When the Arena and its collegiate partner, Washington State University, offered its services to host the first and second rounds again in the 2011-13 cycle, the NCAA said thanks, but no – and gently advised that a few more seats would have to be added to the Arena configuration to make it happen in the future.

At the moment, it’s nothing drastic.

“It’s always been that 12,000 is the minimum number,” said WSU associate athletics director John David Wicker. “What changed, basically, is one word. It went from 12,000 capacity to 12,000 sellable capacity.”

The Arena is a 12,000-seat joint, but after accommodations are made for the CBS cameras, bands, cheerleaders, the press and other non-playing participants, only 11,500 or so seats can be sold.

So for the next go-round – when bidding opens for games in 2014 and 2015 – the Arena will squeeze in some portable seating in a couple of the main floor vomitories, and likely add some to the Spotlight Landing beneath the scoreboard.

“We can get the extra without having to go through major construction,” noted Arena general manager Kevin Twohig.

If it seems odd the NCAA would press the point in the current climate, it is.

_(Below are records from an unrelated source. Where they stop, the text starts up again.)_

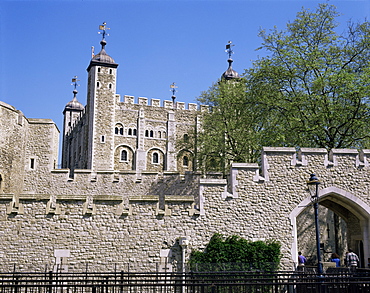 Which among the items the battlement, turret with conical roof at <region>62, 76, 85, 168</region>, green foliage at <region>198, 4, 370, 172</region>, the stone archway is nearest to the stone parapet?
the battlement

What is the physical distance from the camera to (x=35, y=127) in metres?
22.0

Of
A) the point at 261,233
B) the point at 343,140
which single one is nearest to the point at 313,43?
the point at 343,140

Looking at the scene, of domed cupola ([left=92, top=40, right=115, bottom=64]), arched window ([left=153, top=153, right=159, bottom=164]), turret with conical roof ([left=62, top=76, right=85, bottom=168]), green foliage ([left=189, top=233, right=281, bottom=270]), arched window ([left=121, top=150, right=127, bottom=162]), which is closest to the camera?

For the 2008 tournament, percentage of capacity attendance in the first two rounds dropped from 97 to 92.2 percent, and then last year plummeted to 81.6 – the lowest since 2001. Blame was assigned to the state of the economy, naturally; it could never be a matter of too much supply.

In both its previous trips to Spokane, the tournament games have sold out or virtually. Surely this makes for a preferable atmosphere to the expanse of empty seats that could be seen last year in Miami at American Airlines Arena.

And the NCAA does recognize as much.

“What they’ve always said to me,” revealed Wicker, “is that they want to stay in some of these midmajor sized buildings for the first and second rounds. They know they can go to Spokane and have great hotel partners and sell out and have a great atmosphere for the kids.”

But things change, too.

There is more competition in the West than ever. Spokane is one of a dozen regional cities in a loose rotation capable of hosting, given that the NCAA has refused to take any games to Nevada. Next year a new building in Eugene comes on line. The Arena is the smallest building in that group.

And when Spokane made its first bid back in 1995, NCAA representatives cast hungry eyes at the undeveloped west end of the upper deck of what was built as a 14,000-seat barn.

Spokane has never installed those last 2,000 seats – mostly because it hasn’t really needed them.

“For things like Tim McGraw or Nickelback, we could probably sell them,” said Twohig. “But they’ll be behind the stage and will be our least expensive seats. For a Gonzaga-Memphis game, sure. But for most of our events, it’s just added expense for infrastructure, maintenance and staff.”

Twohig estimated adding those seats would cost in the $6 million range – not including a new center-hung scoreboard.

“If we needed to do it, we could find the money,” he said. “But the killer is, contractors tell me they’d need six months to put in those seats and I can’t imagine closing the Arena for six months. Which months? What businesses go under because we don’t have an arena? The impact on clients and business would be brutal.

“I would hate to think the NCAA minimum goes to 14,000 and we have to face that dilemma head on. What we’ve heard is they’re going to stick with the current number, but I know the NCAA has pressures like everyone else.”

Better to enjoy the games now, and worry later.